For the engine to be able to recalculate in natural order, it must keep track of the dependencies between formulas. It does this by acting as a container for formulas. As formulas are added to the engine, their dependencies are analyzed and a dependency graph is built. You then tell the engine to recalculate and it will use the graph to build up a calculation list, sort it in natural order, and recalculate each formula.

References

The basic unit that the engine uses to track dependencies is the reference. There are various types of references, they all implement the IReference interface, and the ReferenceFactory class creates them all. When you add a formula to the engine, you need to specify a reference that the formula will be bound to. The formula will then "live" at that reference. By changing the type of reference you bind the formula to, you can change how that formula is referenced from other formulas. For example: by binding a formula to a named reference, you allow other formulas to reference it by using a name.
' Associate the name Root2 with a formula

engine.AddFormula("=sqrt(2)", engine.ReferenceFactory.Named("Root2"))
' Use the name in an expression (result is 2.0)

Dim result As Double = engine.Evaluate("=root2 ^ 2")

Now that we've seen how the engine tracks dependencies, let's see how the initial example above would be set up using code:

' Assume we've already added a worksheet to the engine

' Add a formula at B2

engine.AddFormula("=A1 + 10", engine.ReferenceFactory.Cell(2, 2))
' Add a formula at C1

engine.AddFormula("=A1 + B2", engine.ReferenceFactory.Parse("C1"))
' Add a formula at D2

engine.AddFormula("=C1 * 2", engine.ReferenceFactory.Parse("D2"))

Our engine now contains 3 formulas and a graph describing their dependencies. All we need to do is tell the engine that a reference has changed and that all its dependents need to be recalculated. We do this using the Recalculate method:

' Create a reference to cell A1

Dim a1Ref As ISheetReference = engine.ReferenceFactory.Parse("A1")
' Recalculate all dependents of A1

engine.Recalculate(a1Ref)

Custom functions

The last thing the engine allows you to do is define your own functions for use in formulas. To do this we must use the FunctionLibrary class, which is accessible through a property on the engine. The extensibility mechanism I used is based on delegates. I felt that this makes it easier to add many functions because you don't have to define a new class for each function as with the alternative interface/subclass based mechanism. It also allows the engine to use reflection to add all the methods of a class in bulk. Defining a custom function requires three steps: Let's define a function that returns the length of the hypotenuse given the length of the other two sides: First we must define a method with the correct signature:
Public Sub Hypotenuse(ByVal args() As Argument, ByVal result As FunctionResult,_
                      ByVal engine As FormulaEngine)

End Sub

Explanation of the three arguments:

Second, we have to adorn our method with the proper attribute so that the function library can recognize it:
<FixedArgumentFormulaFunction(2, New OperandType() {OperandType.Double, _
 OperandType.Double})> _
Public Sub Hypotenuse(ByVal args() As Argument, ByVal result As FunctionResult,_
                      ByVal engine As FormulaEngine)

End Sub
We have now declared our method as requiring 2 arguments, both of type Double. The engine will only call our method if exactly 2 arguments were specified in the formula and both arguments can be converted to Double. This frees us from having to write argument validation code for every function we want to implement.

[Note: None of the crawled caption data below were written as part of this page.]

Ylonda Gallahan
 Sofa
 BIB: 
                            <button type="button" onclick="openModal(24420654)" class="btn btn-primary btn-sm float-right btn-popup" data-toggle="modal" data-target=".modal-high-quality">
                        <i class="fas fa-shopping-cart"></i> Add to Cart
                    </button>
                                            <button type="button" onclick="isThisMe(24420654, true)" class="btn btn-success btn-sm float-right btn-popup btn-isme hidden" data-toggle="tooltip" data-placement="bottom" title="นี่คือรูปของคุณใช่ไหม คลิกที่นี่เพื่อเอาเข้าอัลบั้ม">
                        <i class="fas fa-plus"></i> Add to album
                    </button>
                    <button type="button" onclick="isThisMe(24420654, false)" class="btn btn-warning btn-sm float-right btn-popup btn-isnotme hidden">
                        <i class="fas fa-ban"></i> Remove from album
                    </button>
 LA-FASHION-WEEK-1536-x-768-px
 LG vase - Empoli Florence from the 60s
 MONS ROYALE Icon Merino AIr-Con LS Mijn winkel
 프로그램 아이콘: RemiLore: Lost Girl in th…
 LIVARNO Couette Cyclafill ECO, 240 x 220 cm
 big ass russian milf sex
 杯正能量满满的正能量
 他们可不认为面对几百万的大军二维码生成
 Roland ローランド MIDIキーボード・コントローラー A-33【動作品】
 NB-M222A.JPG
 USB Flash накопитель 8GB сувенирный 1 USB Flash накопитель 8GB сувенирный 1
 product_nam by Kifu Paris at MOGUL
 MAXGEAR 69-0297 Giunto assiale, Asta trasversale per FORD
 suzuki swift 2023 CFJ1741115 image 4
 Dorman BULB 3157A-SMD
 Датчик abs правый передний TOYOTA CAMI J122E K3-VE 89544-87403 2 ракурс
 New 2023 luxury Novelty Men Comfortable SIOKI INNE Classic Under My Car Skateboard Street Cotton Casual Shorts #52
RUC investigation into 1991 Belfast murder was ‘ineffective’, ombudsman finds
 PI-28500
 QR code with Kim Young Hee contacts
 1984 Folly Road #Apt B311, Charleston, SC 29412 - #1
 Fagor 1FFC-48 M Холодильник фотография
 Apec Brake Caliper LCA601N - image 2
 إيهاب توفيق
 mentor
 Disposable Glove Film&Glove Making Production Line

Finally, we must write the actual implementation of our function:

<FixedArgumentFormulaFunction(2, New OperandType() {OperandType.Double, _
 OperandType.Double})> _
Public Sub Hypotenuse(ByVal args() As Argument, ByVal result As FunctionResult,_
                      ByVal engine As FormulaEngine)
    ' Get the value of the first argument as a double

    Dim a As Double = args(0).ValueAsDouble
    ' Get the value of the second argument as a double

    Dim b As Double = args(1).ValueAsDouble
    ' Compute the hypotenuse

    Dim hyp As Double = System.Math.Sqrt(a ^ 2 + b ^ 2)
    ' Set the function's result

    result.SetValue(hyp)
End Sub

We get the value of each of our arguments as a double, compute the hypotenuse, and set the value into the FunctionResult.

Next we add our custom function to the library:

engine.FunctionLibrary.AddFunction(AddressOf Hypotenuse)

And now we can use it in a function:

dim result as Double = engine.Evaluate("=10 + Hypotenuse(3, 4)")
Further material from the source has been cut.